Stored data

-=-=-

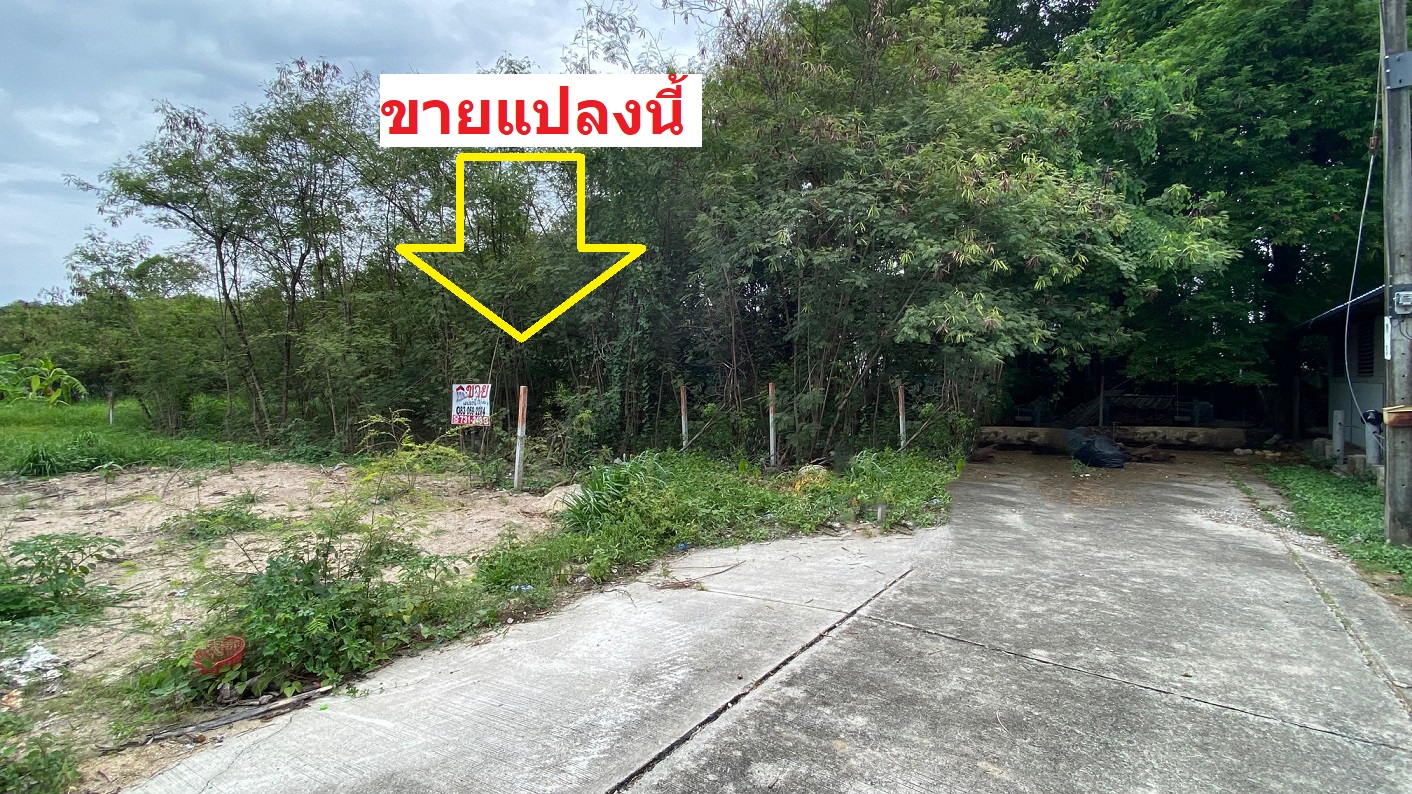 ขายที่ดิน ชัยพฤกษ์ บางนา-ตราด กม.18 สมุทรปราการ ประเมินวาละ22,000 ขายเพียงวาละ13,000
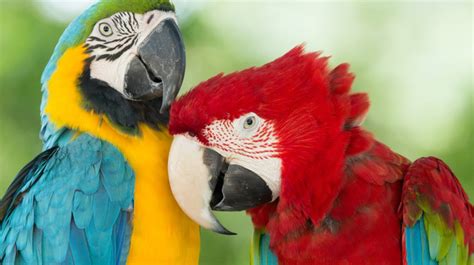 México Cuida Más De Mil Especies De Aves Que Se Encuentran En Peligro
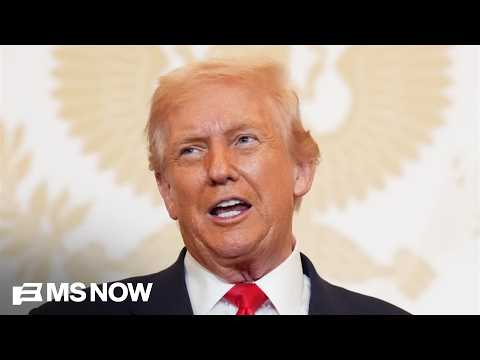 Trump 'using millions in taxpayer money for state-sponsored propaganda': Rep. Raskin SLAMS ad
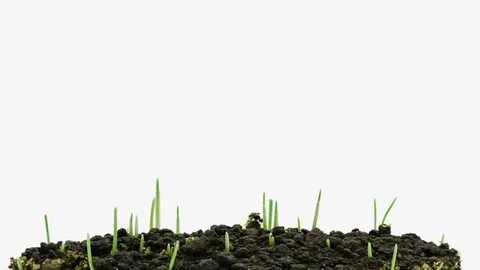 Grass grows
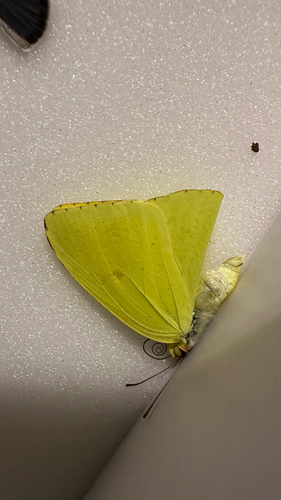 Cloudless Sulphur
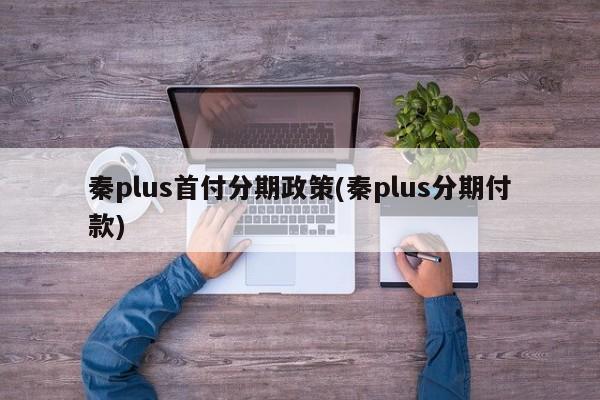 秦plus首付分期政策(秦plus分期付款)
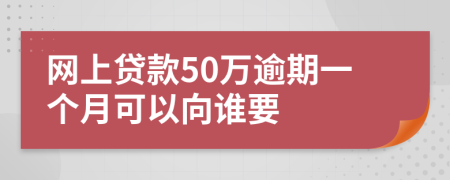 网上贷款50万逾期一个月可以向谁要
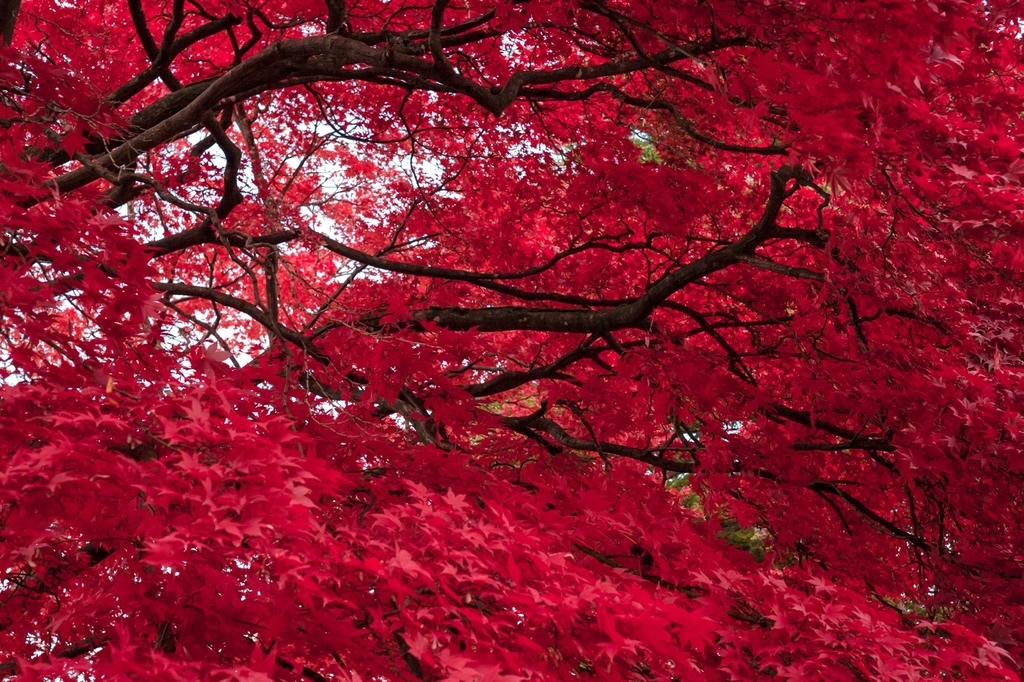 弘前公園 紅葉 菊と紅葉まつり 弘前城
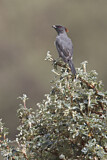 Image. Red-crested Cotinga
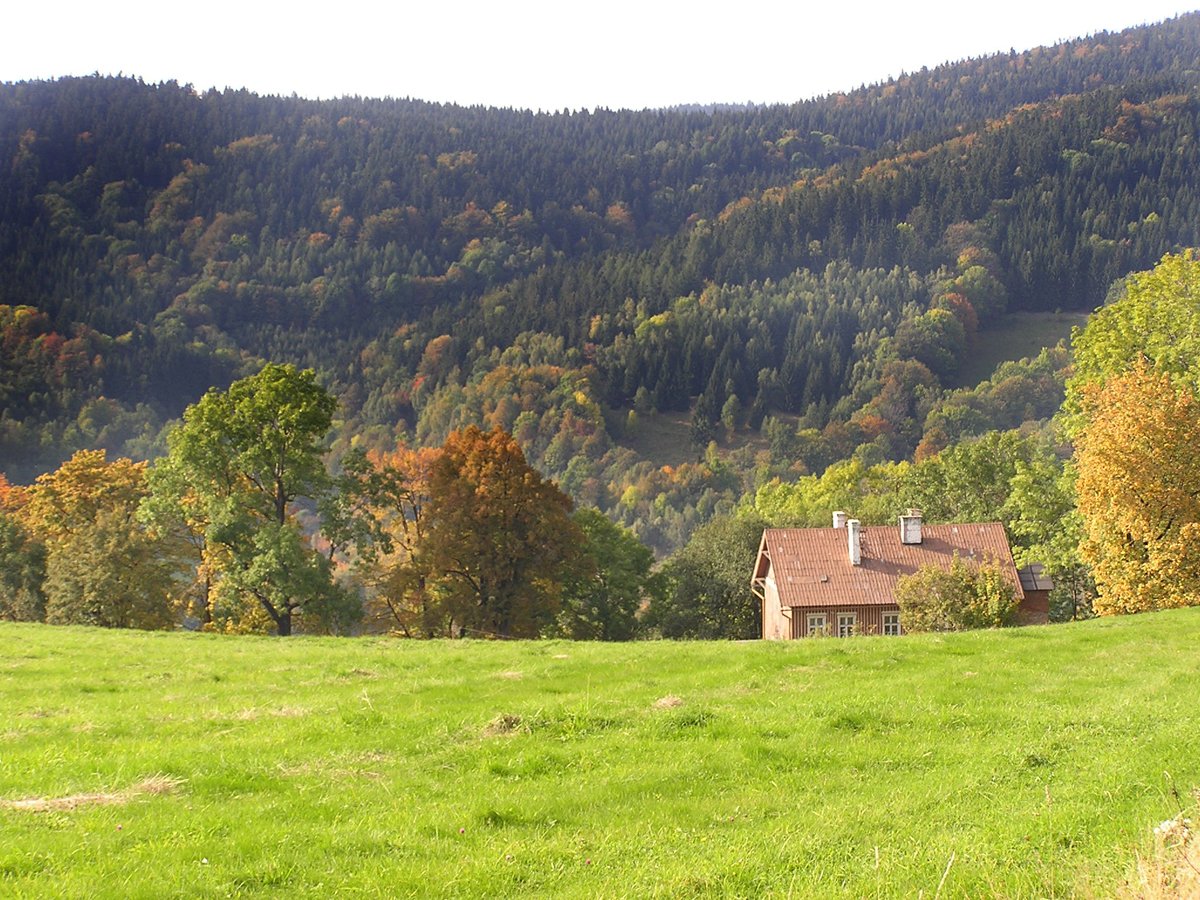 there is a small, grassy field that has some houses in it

-=-=-

• **YOUR OBJECTIVE**
Please reproduce the records above exactly, leaving out every picture.

• **RESULT**
 ขายที่ดิน ชัยพฤกษ์ บางนา-ตราด กม.18 สมุทรปราการ ประเมินวาละ22,000 ขายเพียงวาละ13,000
 México Cuida Más De Mil Especies De Aves Que Se Encuentran En Peligro
 Trump 'using millions in taxpayer money for state-sponsored propaganda': Rep. Raskin SLAMS ad
 Grass grows
 Cloudless Sulphur
 秦plus首付分期政策(秦plus分期付款)
 网上贷款50万逾期一个月可以向谁要
 弘前公園 紅葉 菊と紅葉まつり 弘前城
 Image. Red-crested Cotinga
 there is a small, grassy field that has some houses in it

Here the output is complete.